歓迎会を開いてもらった初日から、帰宅できないほどの残業を割り当てられます。
結局、初めて会社から帰宅できたのは二日後でした。
アキラは「ブラック企業」だと気付きはしましたが、
「自分がやりたくて選んだ会社だろ!苦労してもらった内定だぞ!
気合いだ!根性だ!」
と自分に言い聞かせてがんばり続けます。
気付けば3年目を迎えようとしていました。
会社に行きたくないという思いは入社当初から変わっていません。
無茶な注文を期限ギリギリに追加してくるクライアントと、気分で指示が変わる上司に疲れはて、「駅のホームから飛び込んだら会社に行かなくて済むのに・・」とまで考える段階まで来ています。
末期ですね。
ある日マンションの管理室を訪ねたところ、管理人がゾンビになっていて襲いかかってきました。
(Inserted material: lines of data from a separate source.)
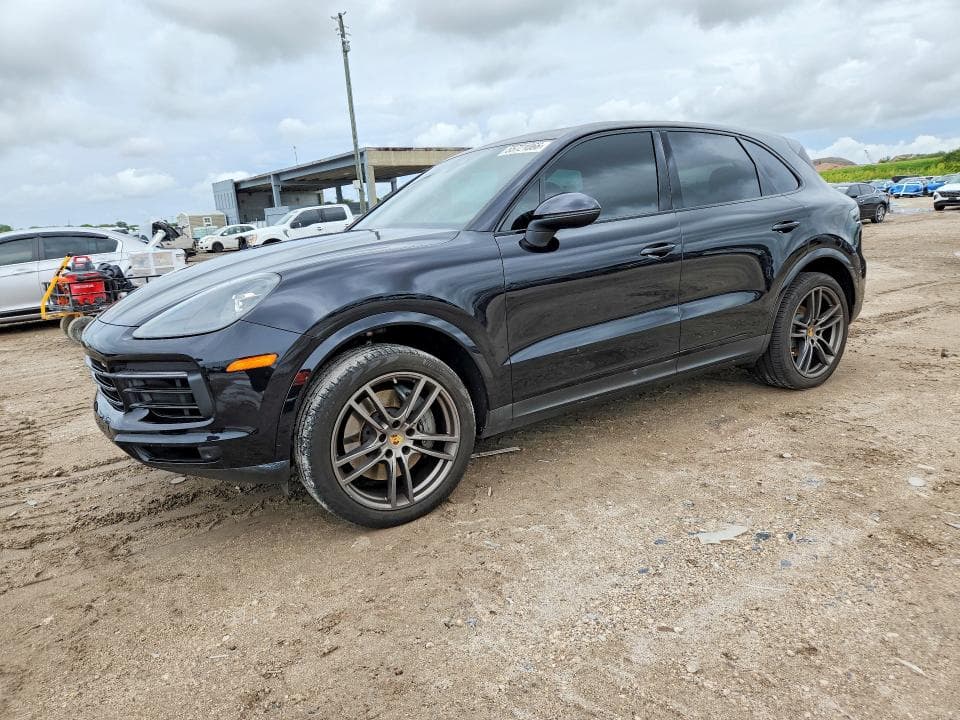 2019 PORSCHE CAYENNE S - 1
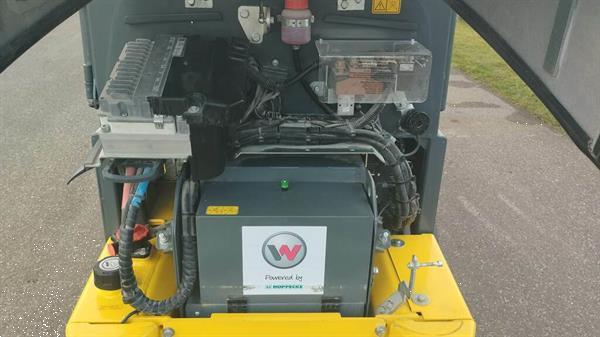 Grote foto wacker wl 20e elek shovel 2.4 ton bj 2021 agrarisch shovels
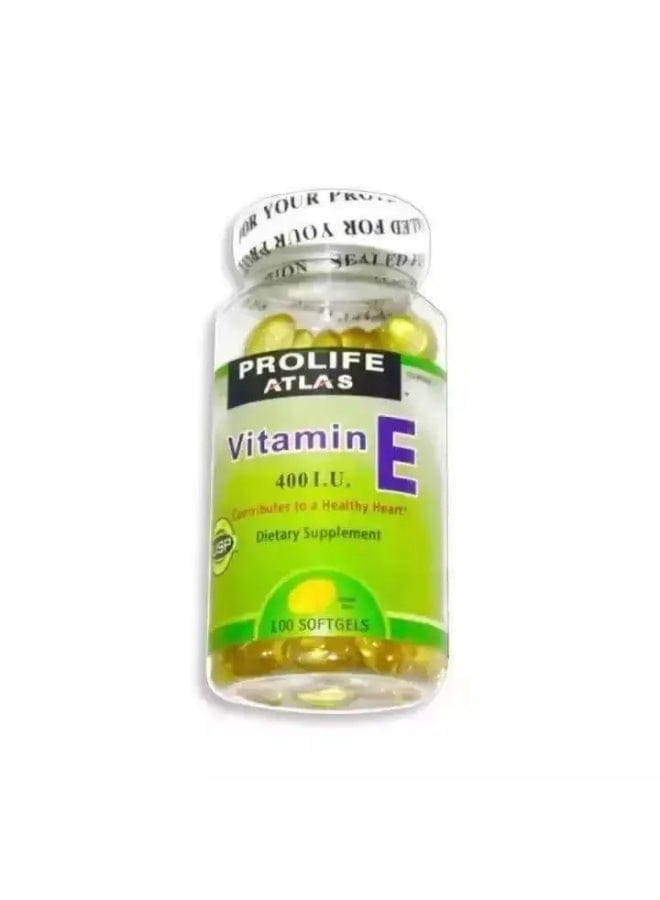 Prolife Atlas Vitamin E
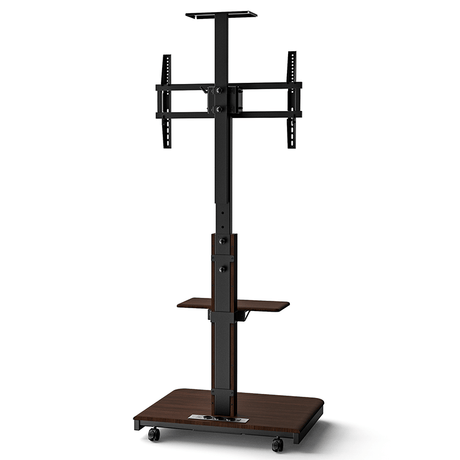 XTRARM Elite negro/nogal – Soporte Tv de pie Manual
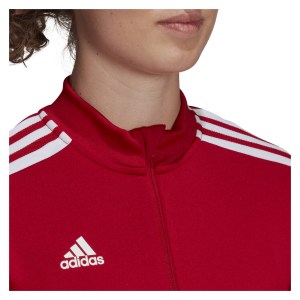 adidas Womens Condivo 22 Training Top (W) Team Power Red-White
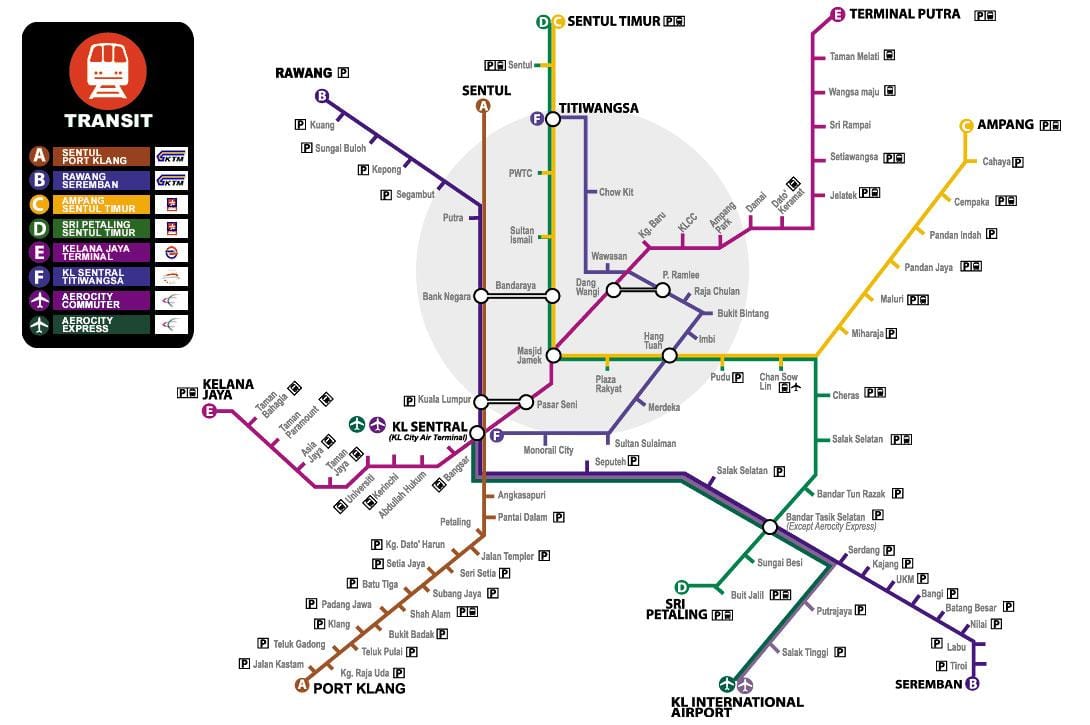 Карта транзіту КТМ 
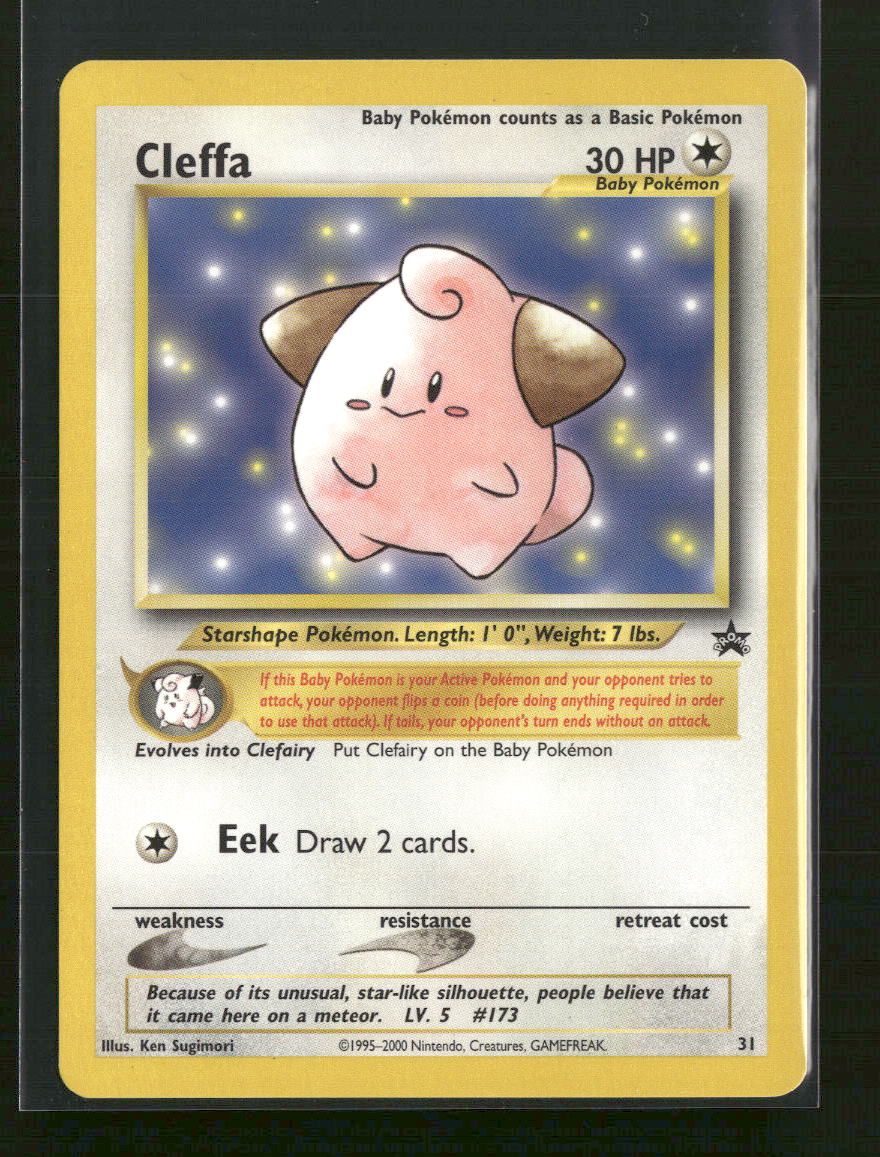 WoTC Promo Cleffa #31/53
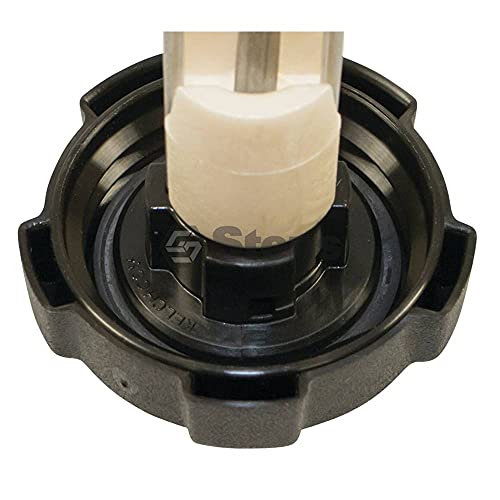 Stens 125-112 Fuel Cap Compatible with/Replacement for Simplicity 1616H, 1613H, LT16HD Hydro Tractors, Broadmowers and Land Lord, Toro C125, C145, C165, C175m 1704366, 1704366SM, 106945 - Image 3
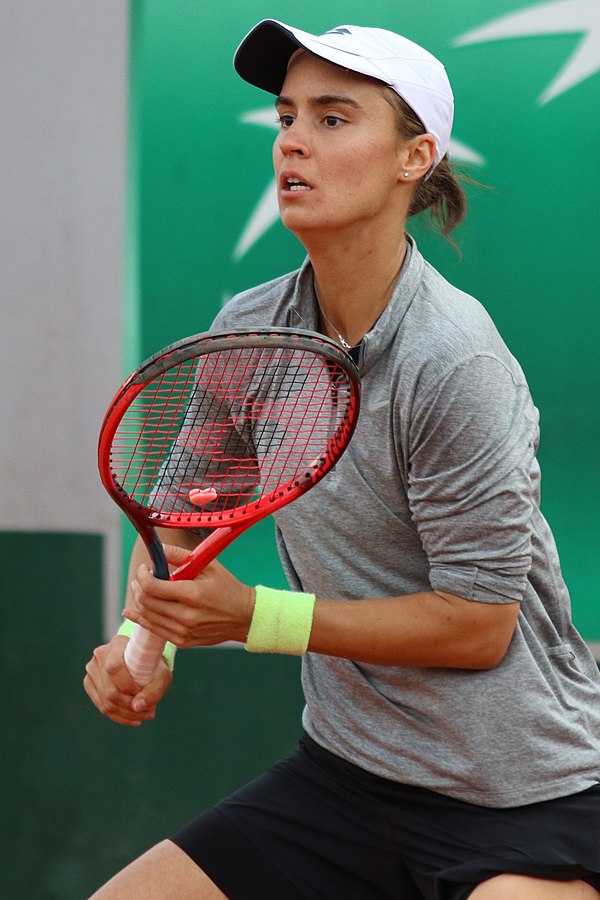 Kalinina at the 2022 French Open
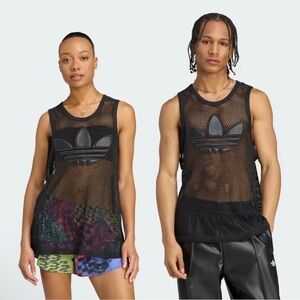 🖤🤍Adidas x Jeremy Scott - Black Mesh Tank Top🤍🖤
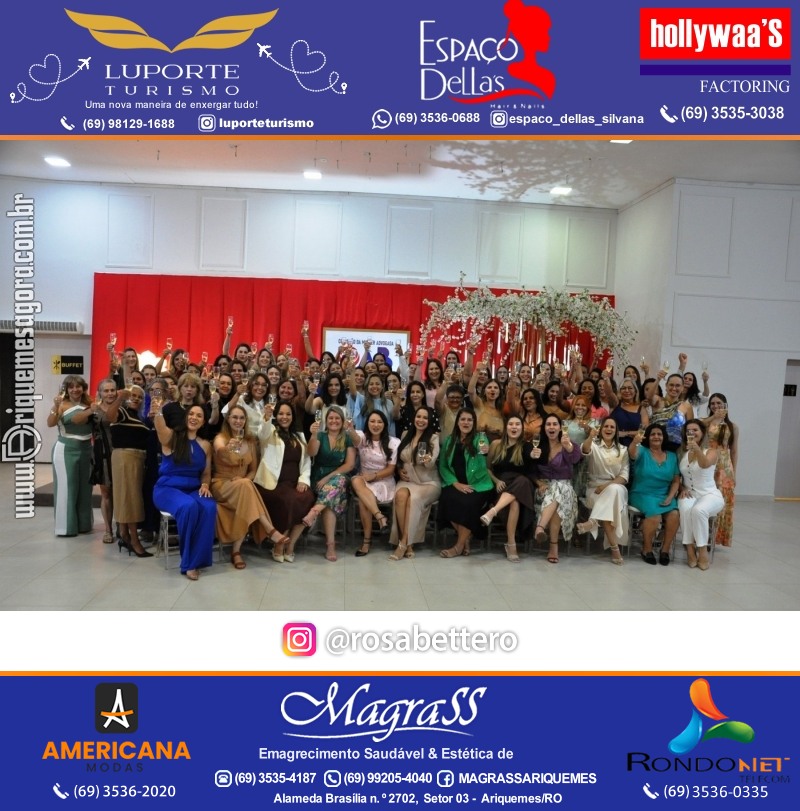 CAFÉ DA TARDE - OAB - CMA - Subsecção Ariquemes - Comissão da Mulher Advogada – Rondônia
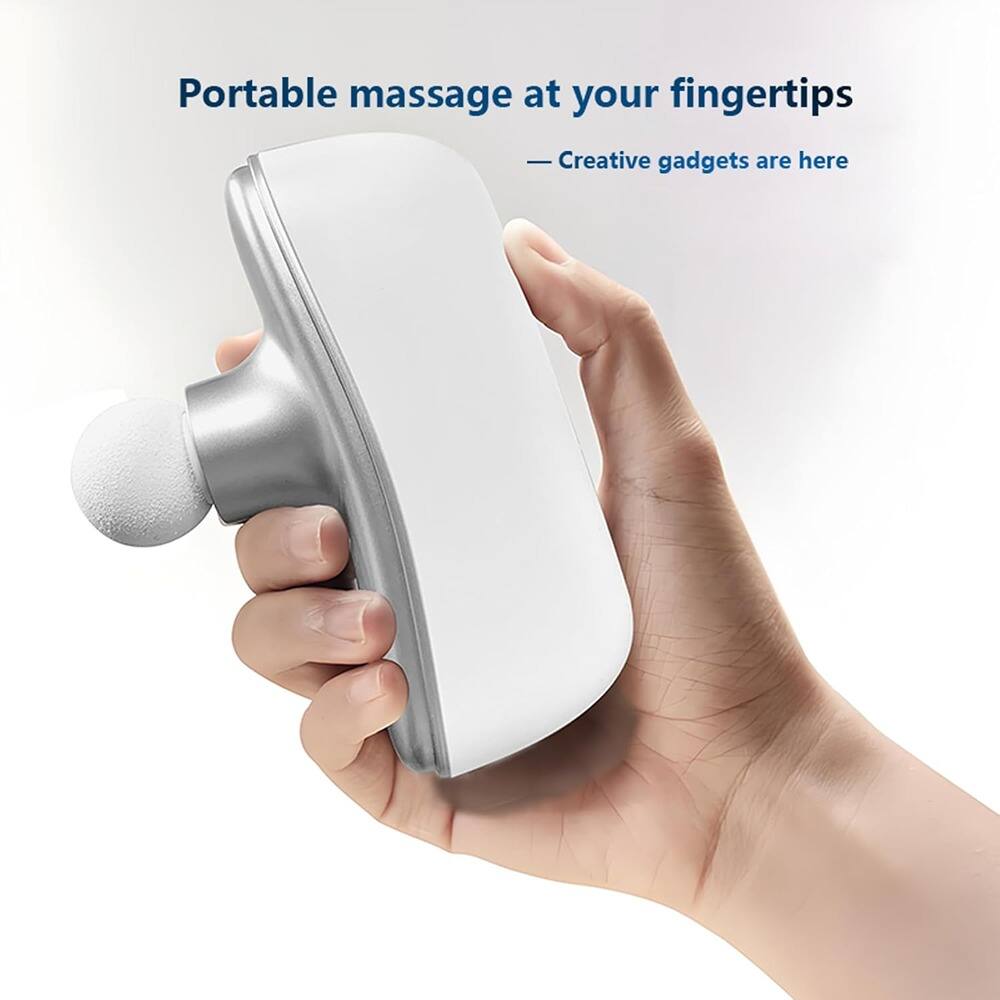 Portable massage at your fingertips  
— Creative gadgets are here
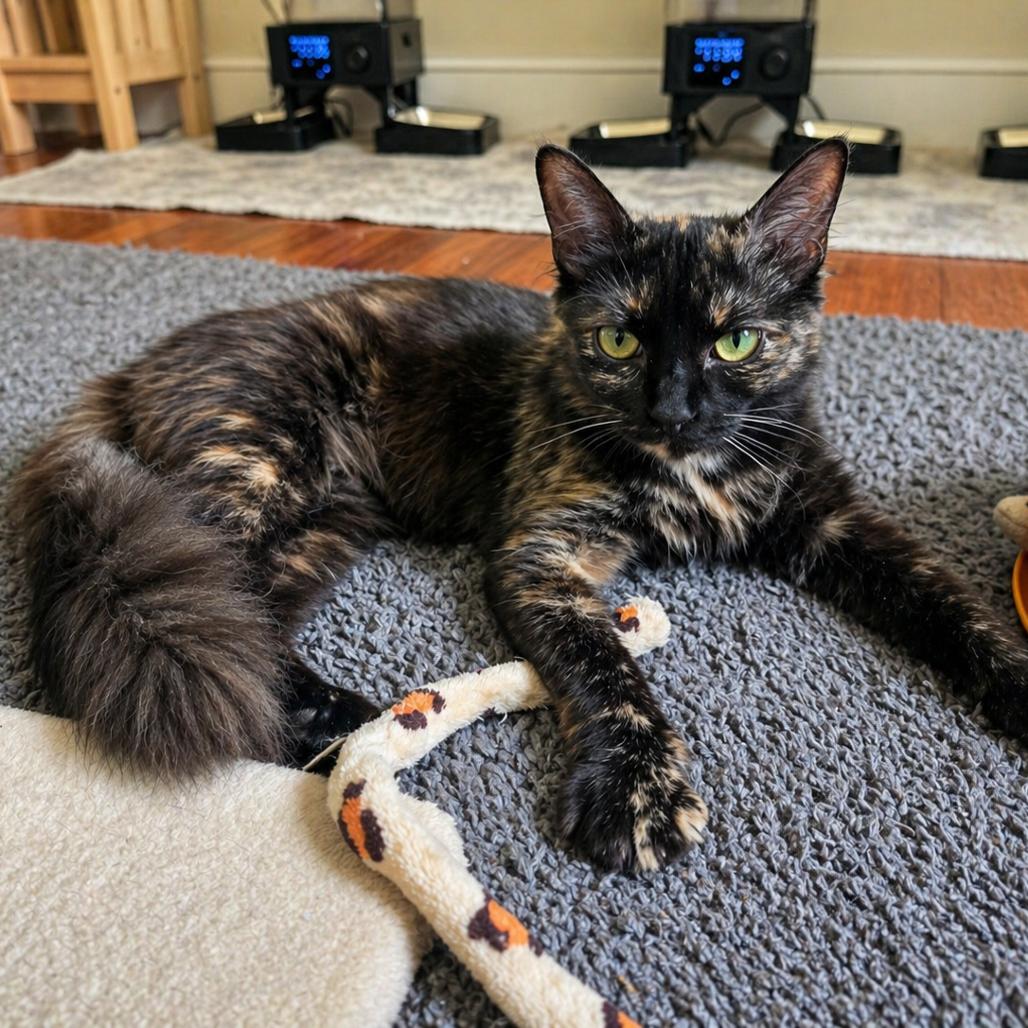 Autumn, a Adoptable Domestic Long Hair in Huntsville, AL image 2/6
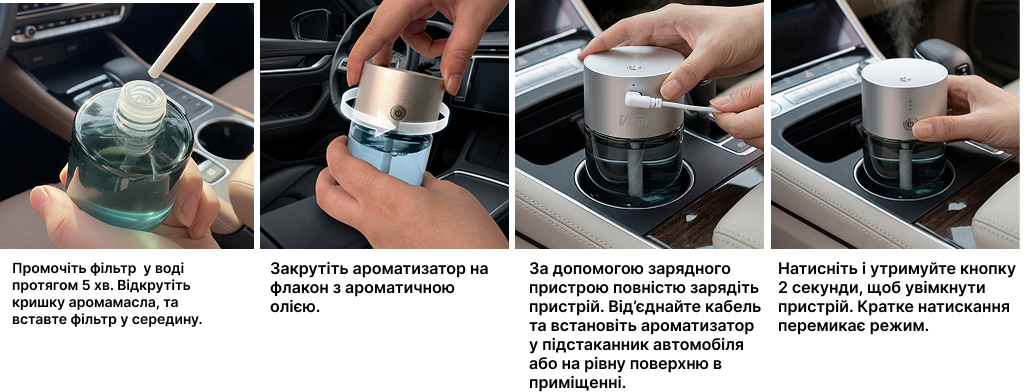 �������������� ����������� Car&Home VITOL 80 ml, ���. A803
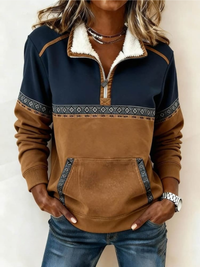 Women's Cozy Knit Sweater - Soft & Comfortable Pullover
突然のことで何がなんだか分からないまま、ひたすら逃げるアキラ。
周りを見渡せば、街全体にゾンビが跳梁跋扈している状況でした。
そのときにアキラは気付きます。
「今日から会社に行かなくてもいいんじゃね?」と。
そして大量のゾンビに追いかけられている絶望的な状況にもかかわらず、
「やったー!!」
と大声で叫びます。
おそらくその日に世界中の誰よりも喜んだのは彼でしょう。
(冒頭の映画の登場人物との対比が見事です。)
街では阿鼻叫喚の嵐が吹く中、アキラは希望に満ちあふれていきます。
「これまでやりたくてもできなかったことリスト」を作り、ゾンビに襲われて死んでしまうまでに、全部やり尽くそうと行動を開始しました。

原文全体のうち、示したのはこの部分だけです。